* **The problem**: Total the lines of the entries below that hold the string "Clear", then write only that total.

===============

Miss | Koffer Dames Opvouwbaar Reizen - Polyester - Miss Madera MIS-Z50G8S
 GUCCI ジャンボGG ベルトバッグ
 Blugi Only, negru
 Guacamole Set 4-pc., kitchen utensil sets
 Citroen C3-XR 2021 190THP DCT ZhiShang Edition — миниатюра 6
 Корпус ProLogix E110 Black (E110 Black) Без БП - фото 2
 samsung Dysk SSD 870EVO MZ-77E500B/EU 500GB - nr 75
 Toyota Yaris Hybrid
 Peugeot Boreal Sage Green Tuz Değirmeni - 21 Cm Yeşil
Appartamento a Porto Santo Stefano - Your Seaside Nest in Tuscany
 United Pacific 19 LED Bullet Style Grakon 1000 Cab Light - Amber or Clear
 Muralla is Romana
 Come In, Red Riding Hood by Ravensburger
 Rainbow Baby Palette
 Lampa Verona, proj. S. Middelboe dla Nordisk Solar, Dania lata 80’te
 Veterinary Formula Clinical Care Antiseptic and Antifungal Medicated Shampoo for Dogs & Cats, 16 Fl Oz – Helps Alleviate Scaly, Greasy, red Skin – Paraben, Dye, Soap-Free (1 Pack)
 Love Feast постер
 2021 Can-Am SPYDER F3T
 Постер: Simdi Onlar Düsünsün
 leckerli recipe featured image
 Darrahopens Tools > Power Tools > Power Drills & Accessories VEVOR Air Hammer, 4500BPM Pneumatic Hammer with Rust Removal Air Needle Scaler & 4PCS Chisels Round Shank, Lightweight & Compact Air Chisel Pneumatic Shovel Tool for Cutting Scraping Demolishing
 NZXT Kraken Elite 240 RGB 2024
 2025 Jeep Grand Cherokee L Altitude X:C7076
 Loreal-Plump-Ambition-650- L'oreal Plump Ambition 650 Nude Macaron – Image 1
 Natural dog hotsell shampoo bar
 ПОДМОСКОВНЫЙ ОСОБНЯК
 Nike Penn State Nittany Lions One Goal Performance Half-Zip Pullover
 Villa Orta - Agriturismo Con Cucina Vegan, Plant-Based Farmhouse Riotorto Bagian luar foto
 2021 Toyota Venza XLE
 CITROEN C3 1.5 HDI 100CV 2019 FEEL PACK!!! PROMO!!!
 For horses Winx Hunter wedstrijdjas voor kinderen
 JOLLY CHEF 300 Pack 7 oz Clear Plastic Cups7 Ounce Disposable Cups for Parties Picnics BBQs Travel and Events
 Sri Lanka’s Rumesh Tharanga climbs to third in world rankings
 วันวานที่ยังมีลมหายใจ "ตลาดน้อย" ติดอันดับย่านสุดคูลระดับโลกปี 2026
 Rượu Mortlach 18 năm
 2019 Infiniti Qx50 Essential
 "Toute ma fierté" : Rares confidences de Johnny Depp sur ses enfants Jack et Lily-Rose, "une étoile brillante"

===============

* **Answer to this task**: 2